Aired September 10, 2001 - 08:37   ET

THIS IS A RUSH TRANSCRIPT. THIS COPY MAY NOT BE IN ITS FINAL FORM AND MAY BE UPDATED.


THIS IS A RUSH TRANSCRIPT. THIS COPY MAY NOT BE IN ITS FINAL FORM AND MAY BE UPDATED.
KYRA PHILLIPS, CNN ANCHOR: Just in "Time" features "America's Best," and Bishop T.D. Jakes is one of them. He's described as a preaching virtuoso, and he joins us now from Columbus, Ohio.

Bishop, good morning.

BISHOP T.D. JAKES: Good morning.

PHILLIPS: Wow. Being compared to Billy Graham, what do you think about that?

JAKES: I'm honored. I think he's a tremendous preacher and a great speaker, and in a class all by himself. I'm just honored to be featured in "Time" at all.

PHILLIPS: Well, you're definitely a class in yourself. Seventeen years old -- isn't that when you first starting preaching?

JAKES: Actually at 19.

PHILLIPS: Nineteen?

JAKES: Yes, but I acknowledged my call at 17, and began to prepare myself as much as a 17-year-old can for that kind of calling.

PHILLIPS: How did you know? At 17 years old, you are not the most mature of an individual. How did you know this is a gift and this is where you wanted to go?

JAKES: I think one of the great blessings in my life was to be able to sense the purpose of God in my life. Some people figure out spending lives trying to figure out what they are supposed to do. I had some inkling. Over the years, it certainly evolved more and more who I was and what I was called to do, but I did begin to understand in my teens what I was to do.

PHILLIPS: And you have seemed to establish a very unique trust with a very diverse group of believers. How do you do that? How do you keep that trust? And how do you think you gain that trust?
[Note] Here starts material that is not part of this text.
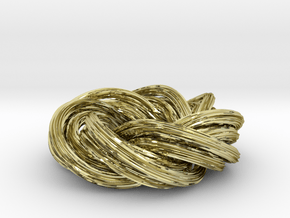 Baby You And Me, We've Got A Groovy Kind Of Knot in 18K Gold Plated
JAKES: Well, one thing, I don't see people differently. I think people are people, and I think it's very important. Pain is a common denominator. We all have challenge. We are all here struggling in the world together. And to be able to reach out to people without distinction has been a strong suit for me and something that was very, very important to me.

PHILLIPS: You are a very strong speaker. You are very dynamic. How do you respond to folks that say, you know, this is about emotion, emotion is in right now, and thinking is gone, thinking is just out?

JAKES: I think it's a correlation of intellect and emotion, that we are both intellectual and emotional, and I don't think you have to divorce one thing for the other. But we are collaborative act of both ingredients. In every aspect of our lives, we are not able to divorce our feelings, but we don't want to be controlled by them.

PHILLIPS: How do you get the skeptics? Is it with the thinking?

JAKES: I'm sorry, I didn't hear you.

PHILLIPS: How do you pull in the skeptic?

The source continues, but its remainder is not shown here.